Le métal jaune a signé jeudi un rebond spectaculaire, gagnant près de 2 % pour s’établir à 4 172,50 dollars l’once. Après avoir touché un plus bas de six mois à 4 024 dollars en séance, l’or a profité d’une annonce inattendue de Donald Trump : les frappes lourdes envisagées contre l’Iran sont suspendues, les négociations étant proches d’une avancée décisive. L’Arabie saoudite, Israël et les Émirats arabes unis sont associés aux discussions, ce qui a provoqué une détente immédiate sur les marchés. La prime de risque géopolitique, qui soutenait le cours depuis des semaines, s’est ainsi évaporée en partie.
Pourtant, à sept jours, l’once affiche encore une baisse de plus de 7 % et reste à près de 26 % de son record historique de janvier. Le RSI, à 30,9, confirme un marché technique « survendu » – un signal qui avait déjà annoncé une correction ces derniers jours. La zone des 4 150 dollars semble désormais servir de nouveau support, selon les analystes.
Le poids des chiffres américains
Si la géopolitique a offert un répit temporaire, le vrai frein reste macroéconomique.

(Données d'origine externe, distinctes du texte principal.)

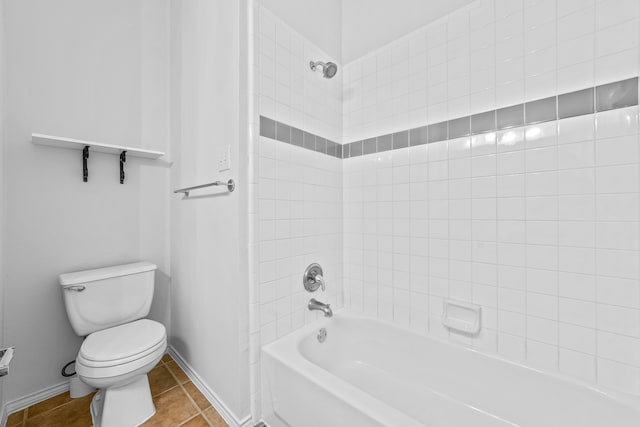 bathroom with tiled shower / bath combo, toilet, and tile patterned flooring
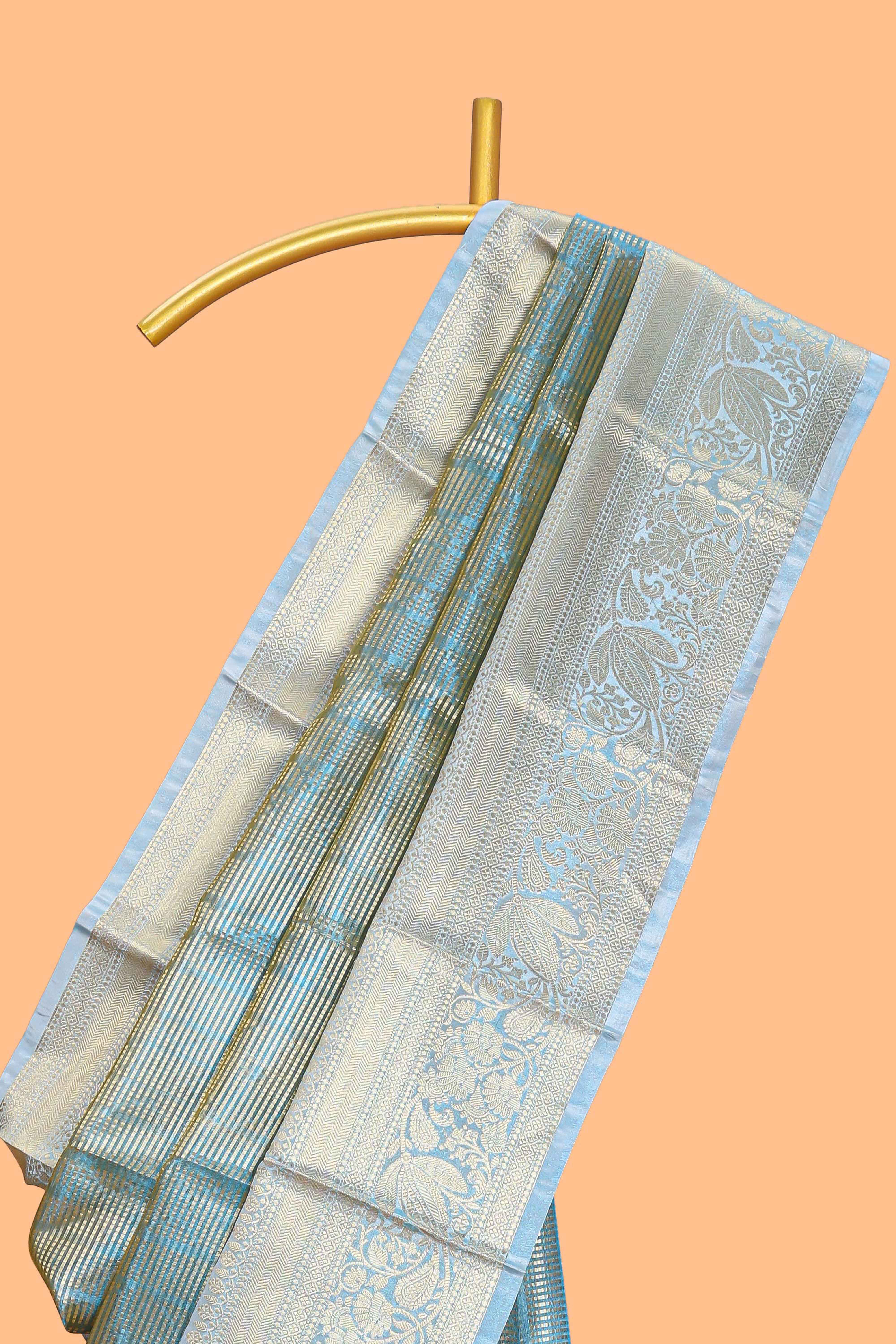 Blue zari design art tissue saree with self zari border and contrast blouse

En mai, l’économie américaine a créé 172 000 emplois, soit le double des 85 000 anticipés par les économistes. Parallèlement, l’inflation américaine a grimpé à 4,2 %, tirée par le renchérissement du secteur de l’énergie. Ces données robustes renforcent le dollar et entretiennent les craintes d’un resserrement monétaire plus long que prévu.
Les marchés financiers intègrent désormais une probabilité de 70 % d’une hausse des taux de la Fed d’ici décembre. Or, l’or ne verse aucun intérêt : la perspective de rendements plus élevés sur les obligations d’État augmente le coût d’opportunité pour les détenteurs de métal physique. Résultat, les investisseurs occidentaux se détournent massivement des ETF aurifères, accentuant la pression vendeuse.
L’appétit des banques centrales ne faiblit pas
Mais ce tableau sombre pour les spéculateurs contraste avec l’activité des banques centrales. Celles-ci multiplient les achats, profitant des prix bas pour diversifier leurs réserves, loin du dollar. La Chine a ainsi étendu sa série d’achats au 19ᵉ mois consécutif en mai, portant ses réserves officielles à 2 331,5 tonnes. Pékin a acquis près de dix tonnes supplémentaires le mois dernier.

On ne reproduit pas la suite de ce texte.